Русские думают, что в 1960-м и в 1965 году не должно быть новой войны. Нужно похоронить фашизм. Нужно очистить мир от заразы. Нужно отучить германских захватчиков от периодических набегов. Этого требуют могилы мертвых. Этого требуют колыбели детей. От смелости и честности Объединенных Наций зависит облик XX века. Мы хотим, чтобы вторая половина столетия была человечней и благотворней первой.

1 марта 1944 года

Я хочу сейчас напомнить об одной давней истории. В 1934 году я получил письмо от неизвестного мне народного учителя с Урала. Он писал о романе Дрие ля Рошеля, который тогда вышел в русском переводе. Изысканный французский писатель утверждал, что «западная цивилизация сгнила». Эти слова возмутили уральского учителя. В своем письме он напоминал о бессмертной сущности французской цивилизации, он писал, что пойдет сражаться за общечеловеческие ценности. Я показал письмо Дрие ля Рошелю. Он прочитал и загадочно усмехнулся. В 1940 году, когда Дрие ля Рошель пал ниц перед Гитлером, я понял, что значила его усмешка.

Таких, как Дрие ля Рошель, к счастью, во французской литературе было мало. Ведь только в эпоху величайшего смешения всех понятий Анри Беро мог сойти за писателя, Андре Жермен — за философа, а Жан Фонтенуа — за француза. Но несчастье французских писателей было в той терпимости, которая была культурным дополнением Мюнхена и «невмешательства». Нет искусства без чувства меры — это знает во Франции каждый школьник. Но одно чувство меры еще не искусство. От Вийона до Рембо, от Агриппы д'Обинье до Гюго, от Стендаля до Золя французская литература жила не в оранжерее, а в мире, среди неистового зноя и лютого холода. Без страсти нет подлинного искусства, как без страсти нет достойной жизни.
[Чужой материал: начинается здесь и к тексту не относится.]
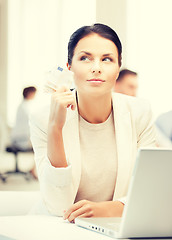 Image showing pensive businesswoman with cash money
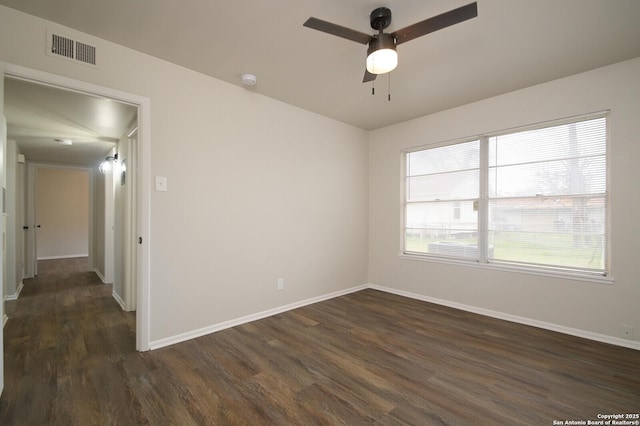 empty room featuring ceiling fan and dark hardwood / wood-style flooring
Французская литература в 20-х и 30-х годах нашего века культивировала некий обязательный скепсис, умеряющий страсти, она жила в умеренном климате, боясь душевных сквозняков, она вычеркнула из своего словаря короткое слово «нет». Одни писатели, как Нарциссы, любовались собой; другие, замыкаясь в своих кабинетах, прислушивались к смутным толчкам своего сердца, причем стены из непроницаемого для звуков материала казались лучшим подспорьем писателя; третьи с лжемудрым видом пришептывали: «Все это было. Все это не интересно». Душевные или физические извращения превращались в нечто первостепенное. Литература тем самым удалялась от народа. Последнему предоставлялись детективные романы, в лучшем случае Пьер Бенуа.